The assassin cocks his head as if he's listening to something. I'm willing to bet I know what he hears. The assassin's finger whitens on the trigger of his gun; he turns it back, lines it up neatly with the center of Connie's ear. She doesn't flinch and she doesn't twist away or close her eyes. She just waits for it, looking at me, looking past me at Min-xue.

Hell. If I had to go down fighting, at least this time my family's safely out of the way. It might almost be all right, if it wasn't starting to hurt so much, not being able to breathe.

Black dots swim at the edges of my vision. I can't blink them away. I'm amazed I can still hear my heartbeat, slow as the pendulum in the lobby, measuring the turning of the planet under my feet. I'm sorry, Madam Prime Minister. Sorry, Patty. Even more sorry about you and Min—

I don't know if Riel can read the apology in my eyes.

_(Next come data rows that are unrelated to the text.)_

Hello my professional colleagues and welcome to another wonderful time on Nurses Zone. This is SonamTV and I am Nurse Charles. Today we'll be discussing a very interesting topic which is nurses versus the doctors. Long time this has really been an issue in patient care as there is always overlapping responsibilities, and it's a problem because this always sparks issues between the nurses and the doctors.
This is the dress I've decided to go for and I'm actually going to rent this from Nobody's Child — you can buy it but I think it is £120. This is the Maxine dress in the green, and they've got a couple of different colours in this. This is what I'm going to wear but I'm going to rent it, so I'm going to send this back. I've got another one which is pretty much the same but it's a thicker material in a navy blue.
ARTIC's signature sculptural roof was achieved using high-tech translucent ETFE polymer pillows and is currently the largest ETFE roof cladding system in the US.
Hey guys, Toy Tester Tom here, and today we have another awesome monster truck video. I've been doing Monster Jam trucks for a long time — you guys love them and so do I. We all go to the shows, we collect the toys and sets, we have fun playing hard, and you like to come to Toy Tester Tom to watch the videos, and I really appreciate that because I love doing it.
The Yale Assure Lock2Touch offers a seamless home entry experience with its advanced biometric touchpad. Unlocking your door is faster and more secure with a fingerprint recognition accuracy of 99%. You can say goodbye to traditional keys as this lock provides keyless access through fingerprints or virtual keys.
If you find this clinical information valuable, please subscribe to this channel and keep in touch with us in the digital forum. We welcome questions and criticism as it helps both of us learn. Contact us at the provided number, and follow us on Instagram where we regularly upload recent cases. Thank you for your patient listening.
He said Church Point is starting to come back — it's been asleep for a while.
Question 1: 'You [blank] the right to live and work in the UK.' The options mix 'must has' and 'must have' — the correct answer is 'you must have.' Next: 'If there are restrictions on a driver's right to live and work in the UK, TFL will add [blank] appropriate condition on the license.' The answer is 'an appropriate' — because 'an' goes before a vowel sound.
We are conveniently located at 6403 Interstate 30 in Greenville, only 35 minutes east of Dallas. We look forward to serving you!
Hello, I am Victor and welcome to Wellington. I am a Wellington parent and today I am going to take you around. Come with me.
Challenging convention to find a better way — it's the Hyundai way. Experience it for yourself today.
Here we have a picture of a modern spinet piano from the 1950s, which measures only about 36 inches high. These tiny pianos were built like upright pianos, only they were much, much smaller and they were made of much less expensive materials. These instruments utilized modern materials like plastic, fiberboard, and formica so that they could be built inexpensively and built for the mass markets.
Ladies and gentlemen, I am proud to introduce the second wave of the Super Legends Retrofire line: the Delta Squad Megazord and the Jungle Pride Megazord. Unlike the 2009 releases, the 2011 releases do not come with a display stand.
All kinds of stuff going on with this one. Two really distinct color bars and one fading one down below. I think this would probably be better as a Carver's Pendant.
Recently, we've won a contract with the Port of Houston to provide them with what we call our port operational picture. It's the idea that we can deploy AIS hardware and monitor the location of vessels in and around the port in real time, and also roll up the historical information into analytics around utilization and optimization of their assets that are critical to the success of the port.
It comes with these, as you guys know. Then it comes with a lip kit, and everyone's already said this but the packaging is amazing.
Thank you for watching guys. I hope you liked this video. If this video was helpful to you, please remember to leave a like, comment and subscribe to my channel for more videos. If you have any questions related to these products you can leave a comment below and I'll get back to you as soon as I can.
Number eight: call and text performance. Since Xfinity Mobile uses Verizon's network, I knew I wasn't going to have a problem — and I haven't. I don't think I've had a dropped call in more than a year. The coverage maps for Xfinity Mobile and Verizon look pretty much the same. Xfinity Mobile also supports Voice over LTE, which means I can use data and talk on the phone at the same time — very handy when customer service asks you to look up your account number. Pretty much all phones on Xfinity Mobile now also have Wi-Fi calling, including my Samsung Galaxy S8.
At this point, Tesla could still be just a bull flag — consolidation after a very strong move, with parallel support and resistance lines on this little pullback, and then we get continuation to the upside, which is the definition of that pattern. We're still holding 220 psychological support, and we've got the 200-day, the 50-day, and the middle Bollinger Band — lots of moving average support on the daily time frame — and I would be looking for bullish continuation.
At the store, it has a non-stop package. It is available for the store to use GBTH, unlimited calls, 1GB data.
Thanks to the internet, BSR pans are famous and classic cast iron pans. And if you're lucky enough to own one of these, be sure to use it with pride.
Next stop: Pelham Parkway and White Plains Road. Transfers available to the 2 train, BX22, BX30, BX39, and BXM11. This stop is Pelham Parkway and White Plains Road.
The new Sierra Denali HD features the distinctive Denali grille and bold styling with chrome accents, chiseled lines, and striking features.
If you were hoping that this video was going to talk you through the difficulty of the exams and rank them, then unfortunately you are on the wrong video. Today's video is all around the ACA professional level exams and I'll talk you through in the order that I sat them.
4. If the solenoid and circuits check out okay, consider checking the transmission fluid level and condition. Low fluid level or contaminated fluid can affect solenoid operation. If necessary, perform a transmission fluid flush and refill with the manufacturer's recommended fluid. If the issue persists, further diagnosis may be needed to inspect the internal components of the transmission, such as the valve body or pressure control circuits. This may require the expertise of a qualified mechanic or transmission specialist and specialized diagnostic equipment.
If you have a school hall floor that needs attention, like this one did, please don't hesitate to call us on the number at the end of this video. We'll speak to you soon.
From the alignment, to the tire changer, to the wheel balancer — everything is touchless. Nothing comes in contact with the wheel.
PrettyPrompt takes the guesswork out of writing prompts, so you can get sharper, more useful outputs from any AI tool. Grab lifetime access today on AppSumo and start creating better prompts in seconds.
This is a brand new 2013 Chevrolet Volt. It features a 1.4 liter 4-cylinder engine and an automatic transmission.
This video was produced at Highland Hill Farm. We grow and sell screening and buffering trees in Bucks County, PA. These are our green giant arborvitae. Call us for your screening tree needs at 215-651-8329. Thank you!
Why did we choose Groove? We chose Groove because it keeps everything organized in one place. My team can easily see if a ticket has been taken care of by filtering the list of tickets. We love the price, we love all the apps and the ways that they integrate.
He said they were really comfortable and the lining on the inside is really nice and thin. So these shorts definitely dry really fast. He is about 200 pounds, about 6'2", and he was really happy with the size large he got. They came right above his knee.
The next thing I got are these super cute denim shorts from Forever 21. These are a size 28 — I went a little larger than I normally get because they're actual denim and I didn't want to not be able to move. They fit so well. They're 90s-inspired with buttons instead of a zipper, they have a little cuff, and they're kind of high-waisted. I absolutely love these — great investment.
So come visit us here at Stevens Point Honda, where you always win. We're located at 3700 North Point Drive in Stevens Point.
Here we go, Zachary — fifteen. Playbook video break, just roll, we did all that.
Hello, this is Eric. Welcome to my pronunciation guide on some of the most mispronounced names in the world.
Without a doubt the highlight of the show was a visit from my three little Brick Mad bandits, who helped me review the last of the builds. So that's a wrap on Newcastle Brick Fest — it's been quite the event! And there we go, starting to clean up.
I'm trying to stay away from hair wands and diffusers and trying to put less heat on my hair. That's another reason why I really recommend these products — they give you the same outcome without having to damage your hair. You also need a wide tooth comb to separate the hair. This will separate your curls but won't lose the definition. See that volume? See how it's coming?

The Feynman AI was smaller than he should be. Slower, contained, constrained. Limited by the processing power of the Montreal —vast by human standards, but negligible by his own.

But he was also older, trickier, and far more wily than the Chinese program, and he unpacked out of the Montreal 's core like a spring-loaded snake out of a peanut can, grabbing every cycle in sight, flooding the worldwire with his presence, replicating threads, spawning personas and entities faster than the Chinese AI could take him apart.

He didn't fight. He didn't run.

He replicated. He bred. He blossomed.

The Richard-thread could have wept at what he found when he got his claws into the worldwire. The damage was considerable, months of reconstruction undone in minutes. Macroscopic life was the least of it; there was renewed damage down to the microscopic level, rereleased radiation, the ecological equivalent of blood and carnage. He didn't have time to assimilate it or analyze it; he barely had time to register it.